The EU supports efforts to abolish the death penalty and ban torture worldwide. This includes strict monitoring and control of EU exports of goods that can be used to carry out torture or death sentences.

The EU is modernising its policy on export controls of 'dual use' goods that can be used for both civilian and military applications. One of the objectives is to prevent the misuse of digital surveillance and intrusion systems that can lead to human rights violations.

Info sources:

Labour rights

The EU uses increased trade opportunities to promote improved labour standards while preventing a 'race to the bottom'.  

In recent trade agreements the EU requires its trading partners to respect and implement the International Labour Organization's fundamental conventions on:

  • freedom of association and the right to collective bargaining (e.g. forming trade unions)
  • getting rid of all forms of forced or compulsory labour
  • abolishing child labour
  • ending discrimination in the workplace

Developing countries using the EU's Generalised Scheme of Preferences+ must also put these four fundamental conventions into practice, among others.  

Working with the ILO

The EU works with the International Labour Organization to monitor and improve labour conditions in developing countries.

One example is the Bangladesh Sustainability Compact launched in 2013. The Compact aims to create a legal framework for labour rights, health and safety standards in clothing factories in Bangladesh and to ensure they are applied. It was a response to the 2013 Rana Plaza tragedy in which over 1,100 people died when a garment factory collapsed.

Since the compact took effect:

  • 235 new inspectors have been recruited to ensure safety conditions in industrial buildings
  • Nearly 350 trade unions have been created and 220 Workers Welfare Associations registered with the rights to collective bargaining.

Another example is the Initiative to Promote Fundamental Labour Rights and Practices in Myanmar in 2015. The initiative also includes the government of Myanmar, the US, Denmark, Japan and the International Labour Organization. It aims to:

  • help promote fundamental rights for workers in Myanmar
  • create opportunities for businesses in Myanmar
  • help transform Myanmar into an attractive trading and investment partner

More information:

Responsible businesses

Nowadays companies increasingly design and make their products in several stages, often in various countries. Raw materials and components are traded from one country to another, assembled and finally exported to the country where they reach the consumer. This is known as global value or supply chains.

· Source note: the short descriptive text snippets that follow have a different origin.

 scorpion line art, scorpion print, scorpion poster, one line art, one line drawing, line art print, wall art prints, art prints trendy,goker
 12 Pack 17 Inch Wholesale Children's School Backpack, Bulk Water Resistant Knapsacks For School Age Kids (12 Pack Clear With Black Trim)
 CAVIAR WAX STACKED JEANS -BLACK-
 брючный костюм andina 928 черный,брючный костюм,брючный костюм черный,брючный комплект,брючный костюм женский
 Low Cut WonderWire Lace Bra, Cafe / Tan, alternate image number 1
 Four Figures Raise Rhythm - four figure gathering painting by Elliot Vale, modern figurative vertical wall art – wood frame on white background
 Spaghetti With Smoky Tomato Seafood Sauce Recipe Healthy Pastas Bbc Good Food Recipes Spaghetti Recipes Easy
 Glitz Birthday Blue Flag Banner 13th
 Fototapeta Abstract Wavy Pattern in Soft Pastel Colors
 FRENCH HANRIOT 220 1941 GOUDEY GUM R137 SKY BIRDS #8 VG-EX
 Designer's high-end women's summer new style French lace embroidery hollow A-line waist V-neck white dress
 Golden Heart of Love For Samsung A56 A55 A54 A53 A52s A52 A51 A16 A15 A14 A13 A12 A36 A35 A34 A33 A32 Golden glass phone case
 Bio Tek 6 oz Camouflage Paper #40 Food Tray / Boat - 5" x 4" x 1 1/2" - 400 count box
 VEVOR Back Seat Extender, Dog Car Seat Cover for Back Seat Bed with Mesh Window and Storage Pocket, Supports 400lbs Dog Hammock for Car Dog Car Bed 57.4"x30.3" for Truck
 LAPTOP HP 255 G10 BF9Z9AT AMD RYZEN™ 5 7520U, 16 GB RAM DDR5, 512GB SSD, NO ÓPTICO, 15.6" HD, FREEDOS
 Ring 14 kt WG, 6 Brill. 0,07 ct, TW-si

Production in the EU depends on imports from other countries of:

  • energy and raw materials
  • parts and components
  • capital goods, such as machinery

EU trade policy aims to help ensure that each stage is carried out responsibly so that it respects workers and the environment.

Corporate social responsibility

Corporate social responsibility – sometimes called 'responsible business conduct' – refers to companies' efforts to integrate social, environmental and ethical aspects into their decision-making and business operations.

The International Labour Organization, the Organisation for Economic Co-operation and Development and the United Nations have developed international guidelines and principles on:

  • human rights
  • working conditions
  • the environment
  • anti-corruption

The EU also works with its trading partners to promote responsible business conduct (also known as corporate social responsibility) among their business, including though specific projects and activities.

Conflict Minerals

EU law will soon require exporters, importers and producers to ensure that minerals imported into Europe do not contribute to financing of armed groups. More information on the conflict mineral regulation.

Fair and Ethical Trade

Voluntary labelling can help consumer have more information on the sustainability of products they buy. Transparent schemes can help promote more sustainable trade.

To promote voluntary labelling schemes, the EU is launching an "EU City for Fair and Ethical Trade" award.  It will involve EU cities and municipalities, civil society groups, the European Parliament and authorities in EU countries. The EU expects to grant its first award in 2018.